What to produce: Repeat each entry exactly and drop the pictures.

(Collected data)
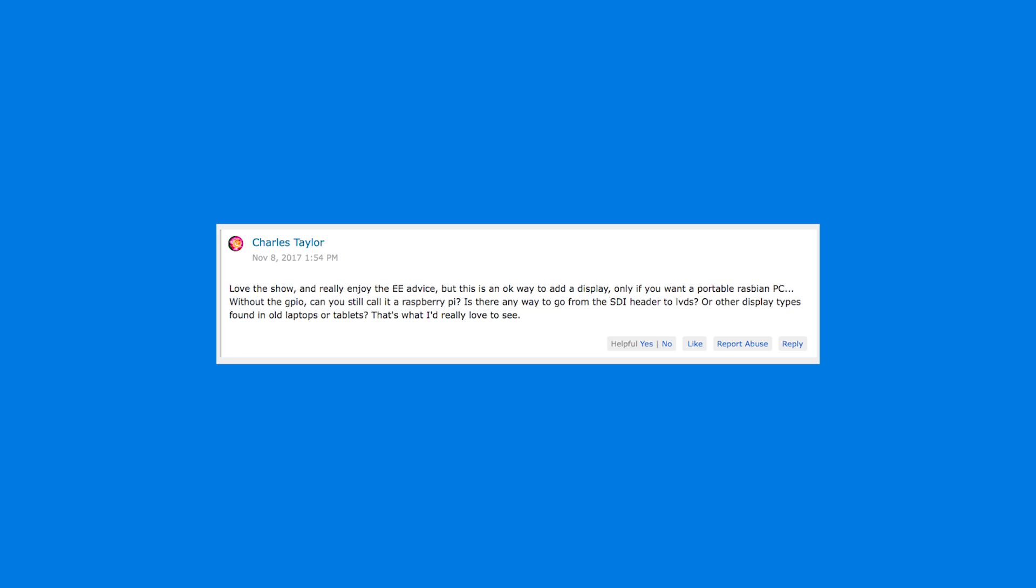Okay, so what he's asking is if you're using up all the pins for the screen and you don't have the GPIO, can you still call it a Raspberry Pi? Well, I still think it's a Raspberry Pi. Yeah, technically. And you still have USB ports and an Ethernet port if it's one of the bigger Raspberry Pis.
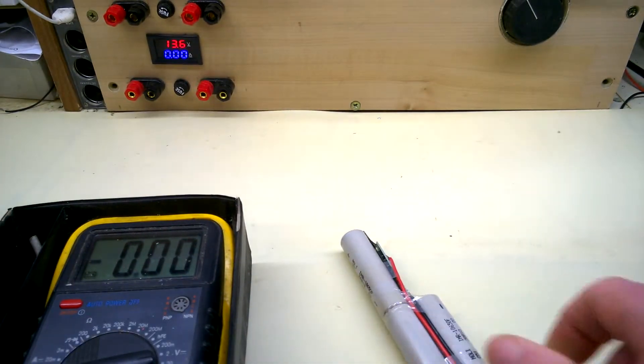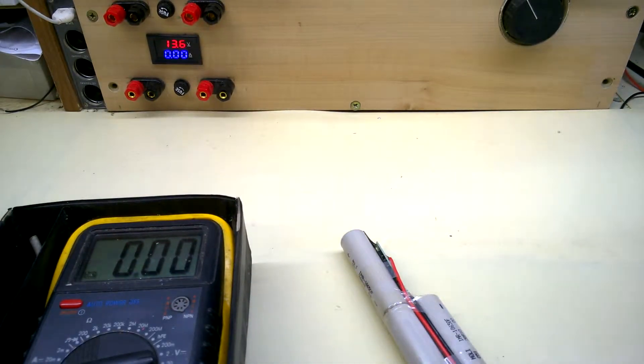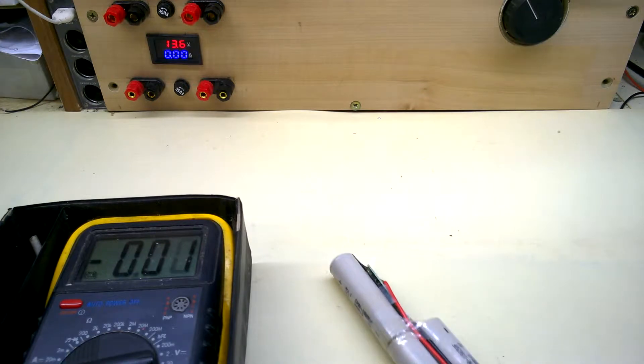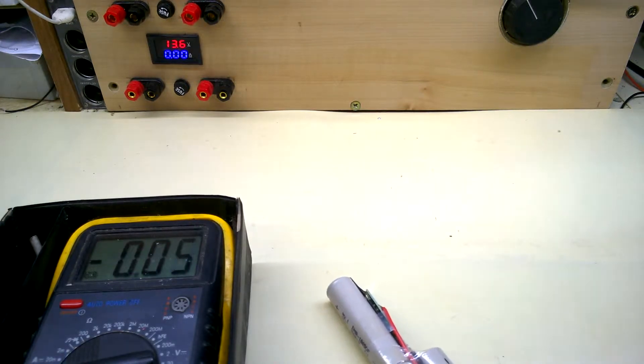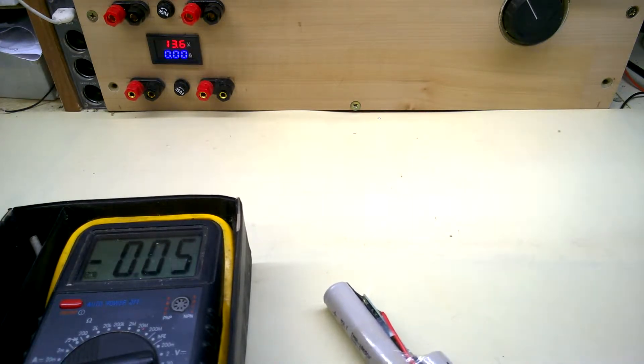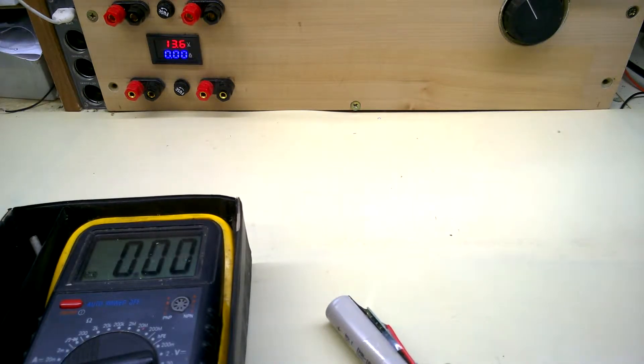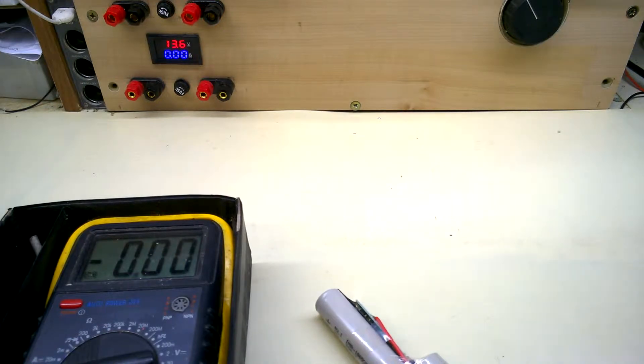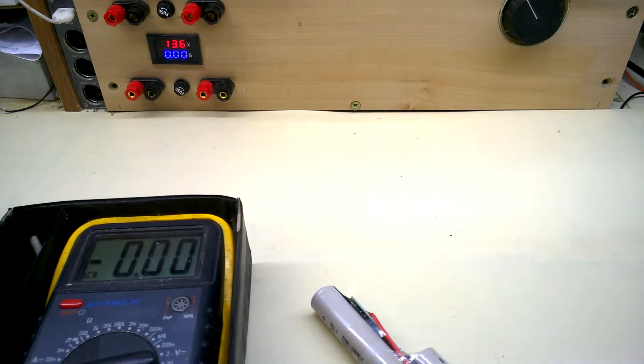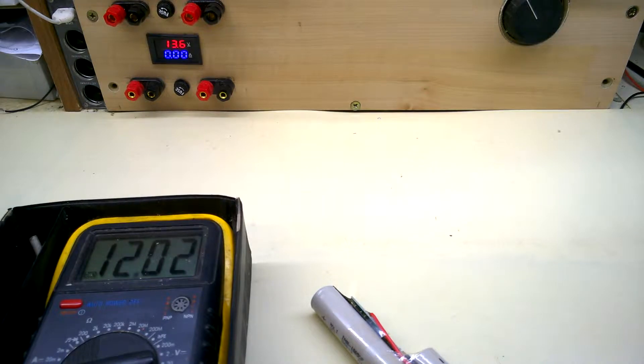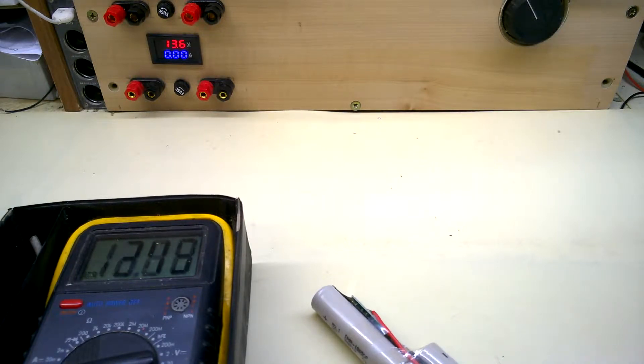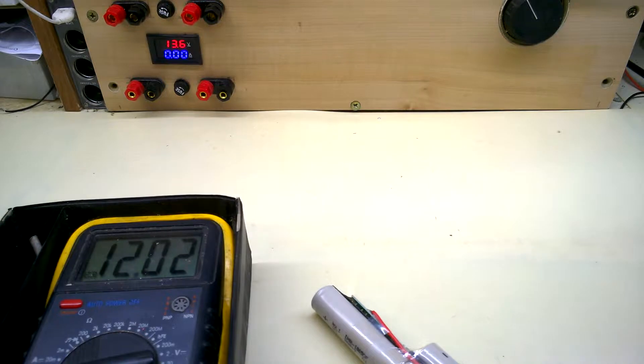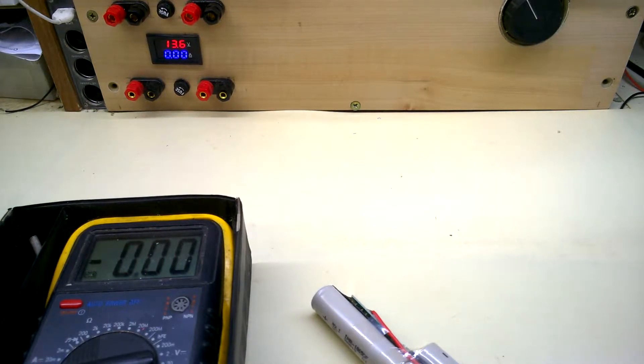A couple of seconds ago it showed 11 and a half volts, so it's still got some life in it, but apparently it's got issues.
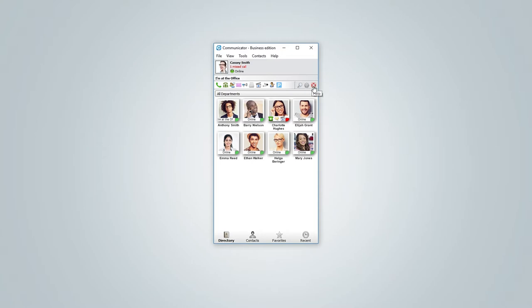And the last icon opens Communicator documentation page. Largest area in Communicator is occupied by your contacts. And at the bottom of it, there are four icons.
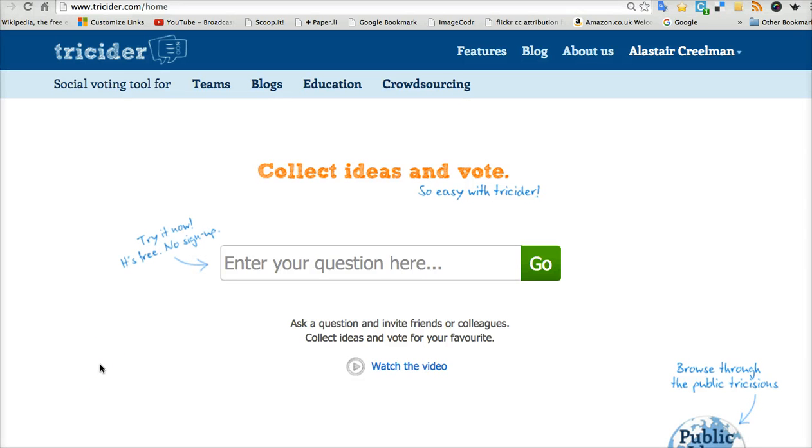Hi, I'm going to present a tool called Tricider. It's free, it's easy to use and the function is to help you prepare for a lesson where you want to get discussion.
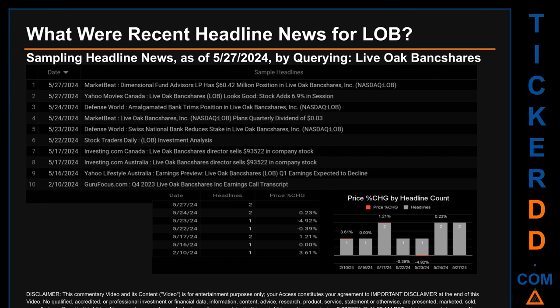The oldest publication was Saturday, February 10th, 2024, when three months and 17 days ago, GuruFocus.com published the headline: 'Q4 2023 Live Oak Bank Shares Inc Earnings Call Transcript.' The latest publication date was one of three days with the most found headlines; I have not yet received pricing data for that day so cannot calculate the day's percentage change in price. Friday May 24th, 2024 and Friday May 17th, 2024 also had the most headlines — they each had two discovered headlines. On Friday May 24th, 2024, Defense World published the headline: 'Amalgamated Bank trims position in Live Oak Bank Shares NASDAQ LOB.'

Completed exercise:
Okay, so what he's asking is if you're using up all the pins for the screen and you don't have the GPIO, can you still call it a Raspberry Pi? Well, I still think it's a Raspberry Pi. Yeah, technically. And you still have USB ports and an Ethernet port if it's one of the bigger Raspberry Pis.
A couple of seconds ago it showed 11 and a half volts, so it's still got some life in it, but apparently it's got issues.
And the last icon opens Communicator documentation page. Largest area in Communicator is occupied by your contacts. And at the bottom of it, there are four icons.
Hi, I'm going to present a tool called Tricider. It's free, it's easy to use and the function is to help you prepare for a lesson where you want to get discussion.
The oldest publication was Saturday, February 10th, 2024, when three months and 17 days ago, GuruFocus.com published the headline: 'Q4 2023 Live Oak Bank Shares Inc Earnings Call Transcript.' The latest publication date was one of three days with the most found headlines; I have not yet received pricing data for that day so cannot calculate the day's percentage change in price. Friday May 24th, 2024 and Friday May 17th, 2024 also had the most headlines — they each had two discovered headlines. On Friday May 24th, 2024, Defense World published the headline: 'Amalgamated Bank trims position in Live Oak Bank Shares NASDAQ LOB.'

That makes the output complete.